▸ **TASK DETAILS**
Your answer must be the data repeated exactly, with no pictures in it.

▸ **COLLECTED DATA**
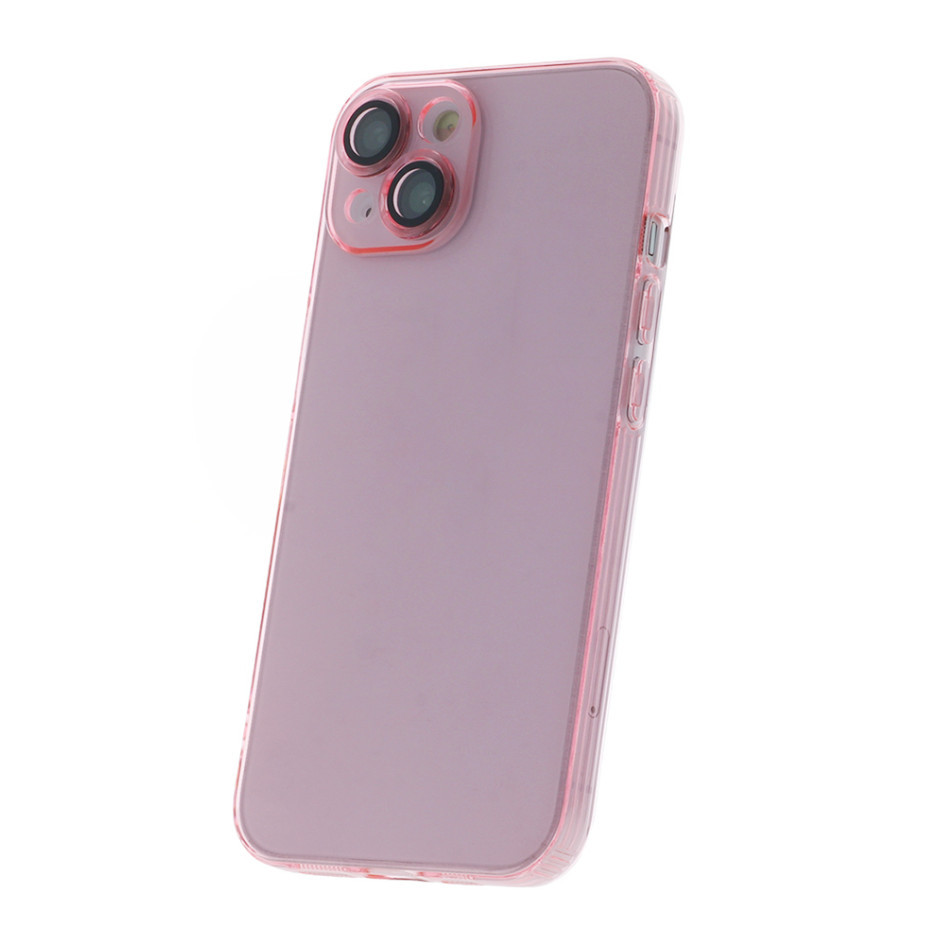 Slim Color Samsung A236 Galaxy A23 5G áttetsző pink hátlapvédő tok kamera lencsevédővel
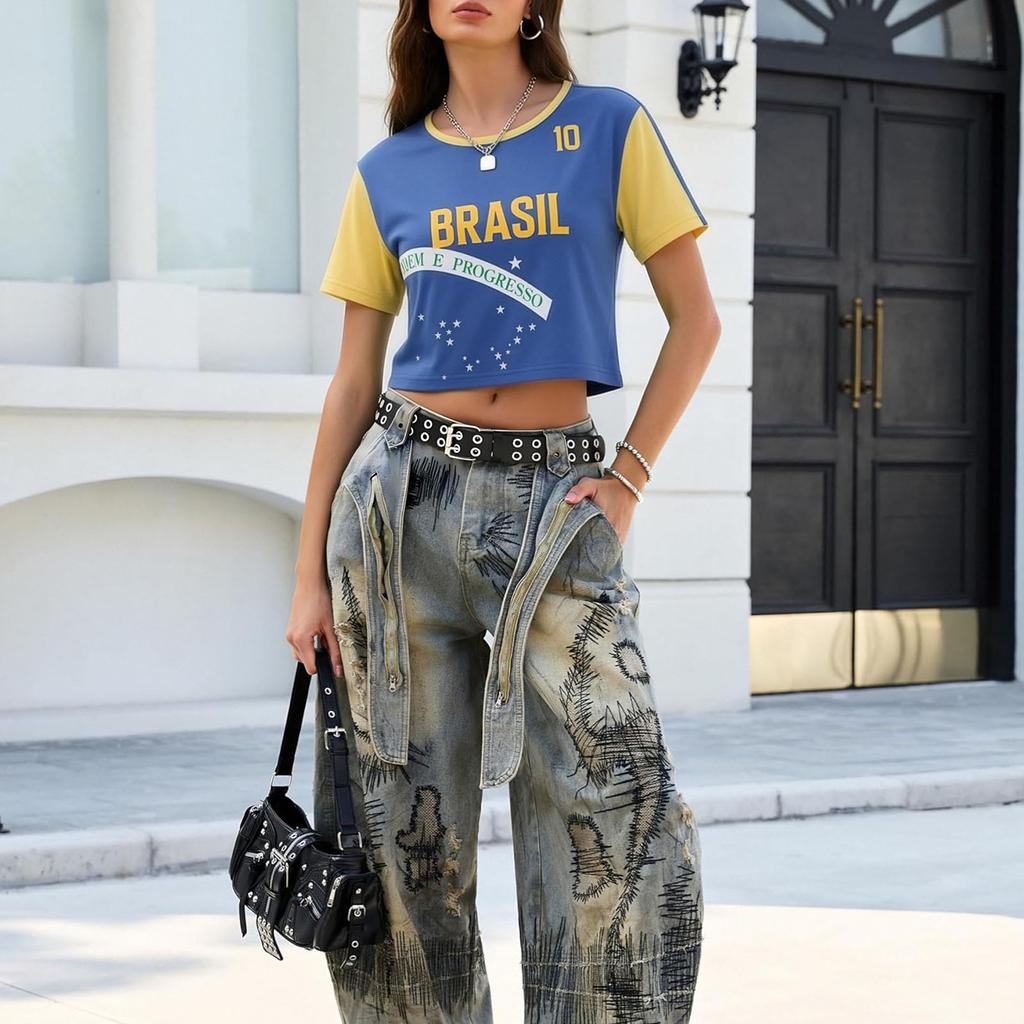 Women’s Casual Short Sleeve Crew Neck T-Shirt Top with USA Letter and Star Print for Sports and Everyday Wear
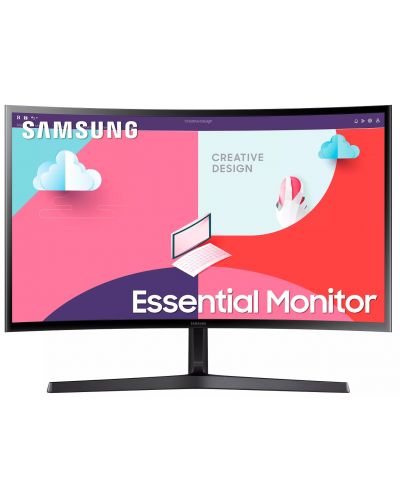 Monitor Samsung - Essential S3 S36C 24C366, 24'', FHD, VA, Curved, negru - 1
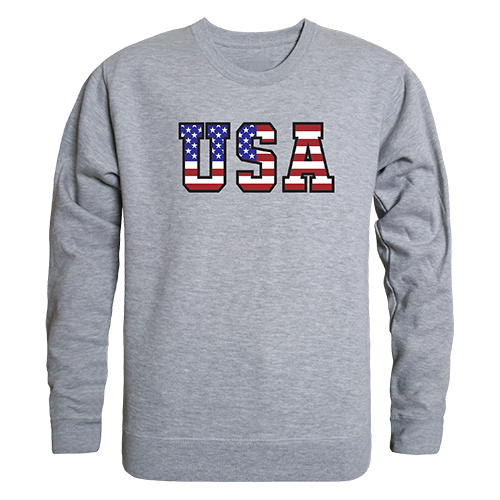 RS3-811-HGY-04 Flag Text 2 Graphic Crewneck Sweatshirt, Heather Gray - Extra Large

▸ **EXERCISE OUTPUT**
 Slim Color Samsung A236 Galaxy A23 5G áttetsző pink hátlapvédő tok kamera lencsevédővel
 Women’s Casual Short Sleeve Crew Neck T-Shirt Top with USA Letter and Star Print for Sports and Everyday Wear
 Monitor Samsung - Essential S3 S36C 24C366, 24'', FHD, VA, Curved, negru - 1
 RS3-811-HGY-04 Flag Text 2 Graphic Crewneck Sweatshirt, Heather Gray - Extra Large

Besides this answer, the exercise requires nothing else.